The Surrey team consists of 10 plainclothes and undercover officers, two members devoted to intelligence gathering and eight uniformed Mounties who keep overt tabs on gangsters with things such as curfew checks.

"So if you're related to a given gang and you're on a court order to be at home between certain hours of the day or night, we're knocking on those doors on a regular basis," said Morrow.

"If you're not presenting yourself, we're proceeding to propose charges to the courts."

They also monitor favoured gang watering holes and strip clubs, a practice that snared two colour-wearing Hells Angels on impaired-driving charges last week.

Sgt. Shinder Kirk, spokesman for Metro Vancouver's Integrated Gang Task Force, said there are no statistics yet to show whether these tactics have helped but he sees such local efforts as broadly beneficial.

Street cops have always been taught to hone their "spider sense" for wrongdoing, said Kirk. Now they also know to look for indicators that suggest broader criminal activity beyond a single act.

"Officers now are being educated on who to look for ... based on the work of units such as the one in Surrey and also the uniform gang task force out of our office," he said.

The worst gang killings in B.C. history

Police last week arrested suspected gang members they allege were responsible for the Surrey massacre in October 2007.

Dennis Karbovanec pleaded guilty to second-degree murder in three of the killings and is to be sentenced Thursday.

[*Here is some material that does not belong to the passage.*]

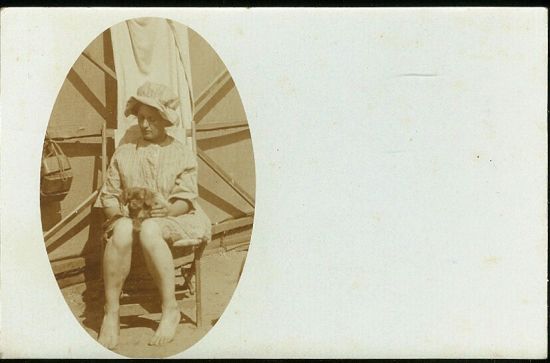 Na lehatku s pejskem | antikvariat - detail pohlednice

Jamie Bacon appeared in a high-security Surrey courtroom on Tuesday charged with one count of first-degree murder and conspiracy to commit murder in the incident.

Police have been touting the arrests as a major victory and say others will follow. But the shooting has continued.

Negative coverage internationally

Civic leaders wilted in the international media spotlight this week as articles published in Britain and the United States ripped Vancouver's image as a laid-back, west coast playground just 10 months before the city hosts the Winter Olympics.

A piece published Sunday by The Independent described Vancouver's "blood-spattered streets littered with shell casings and corpses," while an Associated Press story referred to a "spasm of gang violence" and a growing body count.

"They should first look in their own back yard in terms of per capita homicide rates and the violence they have in their cities, and here they're questioning Vancouver's safety," Vancouver Police Chief Jim Chu sniffed Wednesday

"These high-profile incidents are so few and far between that obviously they alarm the public and require significant police investigation resources.

"But really, Vancouver is a city that's relatively safe. We've had a spike recently."